27 Sep

Chester County Fiction

Chester County FictionHello Friends:

A new collection of stort stories, Chester County Fiction, includes my short story “The River Runs Red.” Chester County Fiction, the brainchild of writer Jim Breslin, is a collection of short stories by – you guessed it – Chester County writers. You can get it on Amazon here. If you prefer to visit an actual bookstore, beginning next week you can pick up a copy at the Chester County Book & Music Company in West Chester.

For details about the official book launch, which takes place October 2 at Baldwin’s Book Barn, click here.

Thanks!

Peace,

Mike

09 Sep

On Eagle’s Wings

“A place not yet touched by 9/11” in the Philadelphia Inquirer.

When the mood strikes and both the calendar and skies are clear, my children and I venture to the nearby Brandywine Valley Airport to catch a glimpse of the airplanes and helicopters in flight.

Watching these planes, my mind travels back to my own childhood, a time when a little boy could explore a major airport’s terminal and, with nose to window, gaze in wonder as the giant beasts ascended and descended more gracefully than seemed plausible. One moment it was here, a muffled roar later and it was gone, only to touch down in some far off place on the map taped to a child’s bedroom wall.

Peering through those glass walls overlooking the tarmac filled a child with awe. There, gazing eyes were close enough to read the plane’s numbers and admire each airline’s distinct detailing. Beautiful, slick beasts crawled along the tarmac, marionettes held captive by the air traffic controller above. “Which one was next?” the boy would wonder. Then, seemingly without warning, the tower gave word, setting a beast free. With engines blazing, it set off skyward.

Tarmac-gazing has long since disappeared, and along with it the spellbound eyes of countless young children longing for inspiration and adventure. Today, only those going off on the adventure itself get a glimpse of the tarmac’s beauty. Without a ticket, a child bids a relative farewell without ever seeing their plane lift off.

I imagine the ghosts of Wilbur and Orville Wright, having floated through security, standing in the terminal and peering out at the planes. Wonder must fill their hearts. Then, noticing no one else is doing the same, that wonder must turn to sadness. They look around, only to find themselves surrounded by hurried and harried white rabbits with eyes fixed on books, phones, and inventions beyond their comprehension.

All of which makes the quaint and quiet airport down the road all the more special. Here, a child can peer through and, yes, even sit atop the five-foot gate separating pilot from pupil. Sept. 11 hasn’t reached here yet, as this airport is more a playground for the weekend pilot (who once upon a time was a tarmac-gazer, I am sure) and a taxi depot for the anonymous wealthy and their equally anonymous chartered flights.

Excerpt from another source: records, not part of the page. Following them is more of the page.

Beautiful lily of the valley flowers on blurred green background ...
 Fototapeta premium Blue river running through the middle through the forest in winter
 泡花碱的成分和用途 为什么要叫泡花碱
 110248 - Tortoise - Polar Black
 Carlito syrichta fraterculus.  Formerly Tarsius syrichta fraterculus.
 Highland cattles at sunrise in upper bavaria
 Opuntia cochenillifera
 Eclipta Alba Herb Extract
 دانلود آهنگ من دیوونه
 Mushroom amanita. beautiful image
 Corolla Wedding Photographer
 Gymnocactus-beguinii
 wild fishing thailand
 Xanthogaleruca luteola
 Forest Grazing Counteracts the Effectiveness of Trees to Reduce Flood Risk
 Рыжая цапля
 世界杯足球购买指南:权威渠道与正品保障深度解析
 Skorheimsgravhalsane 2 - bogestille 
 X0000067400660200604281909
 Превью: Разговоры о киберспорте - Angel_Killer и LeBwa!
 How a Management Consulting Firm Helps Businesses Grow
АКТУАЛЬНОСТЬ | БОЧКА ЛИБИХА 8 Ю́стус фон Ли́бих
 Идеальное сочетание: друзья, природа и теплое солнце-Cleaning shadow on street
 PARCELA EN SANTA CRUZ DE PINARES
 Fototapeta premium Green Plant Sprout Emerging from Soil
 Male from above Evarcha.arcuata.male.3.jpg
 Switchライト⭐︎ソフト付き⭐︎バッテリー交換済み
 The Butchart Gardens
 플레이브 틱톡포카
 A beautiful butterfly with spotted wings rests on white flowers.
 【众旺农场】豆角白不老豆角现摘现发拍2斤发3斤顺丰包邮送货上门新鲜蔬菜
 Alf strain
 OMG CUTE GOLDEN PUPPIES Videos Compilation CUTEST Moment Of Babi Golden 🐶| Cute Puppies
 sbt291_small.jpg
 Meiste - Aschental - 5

The scene goes like this: A car pulls into the quiet parking lot and, after exiting the vehicle, the driver proceeds to walk into the lonely airplane hangar. Within minutes an engine revs to life, controls and settings are checked, and the single-engine prop plane begins to meander out to the tarmac. I suppose there’s a quick radio conversation between the driver-turned-pilot and the controller inside. Something along the lines of:

“Hey, Charlie.”

“Morning, Johnny.”

“Good day for flying, eh?”

“Sure is. Anytime you’re ready, John.”

And with that the prop plane taxis down the tarmac, rounds the bend to the runway, and takes off.

Though not this morning. My 2-year-old boy and I wait patiently for any sign of life from the hangars, but hear none. The morning is deathly quiet, and perhaps the weekend pilots have taken the day off. After 30 minutes of inactivity, we return to the car.

It is then, having left the airport and waiting to turn out of the parking lot, that a single-engine plane soars into the air toward our right. We had missed the takeoff by seconds, and like that the plane was gone. Returning my gaze through the windshield, I find myself in wonder and awe at the sight before my eyes.

A bald eagle is perched atop the telephone pole across the road, looking larger than life in this suburban setting. Perhaps the beautiful beast was tarmac-gazing too.

I quickly pulled to the side of the road, parked, and together we crossed the street for a better look.

The scene brought me back to that September morning 10 years passed, when airports – and America – changed forever. I mourn the innocent lives lost that day, and the innocence our country lost in the process. The security theater of today’s airport, however necessary, has hijacked the awe and inspiration of humankind taking to the skies.

With my son in my arms, I gazed at our nation’s symbol and found myself grateful for its presence – and for this tiny airport not yet touched by 9/11.

It was at that moment three crows descended upon the eagle, cawing in unison and driving it from its roost. On silent wings, the eagle took flight and soared into battle.

I held my son closer. Once lost, innocence can never be reclaimed.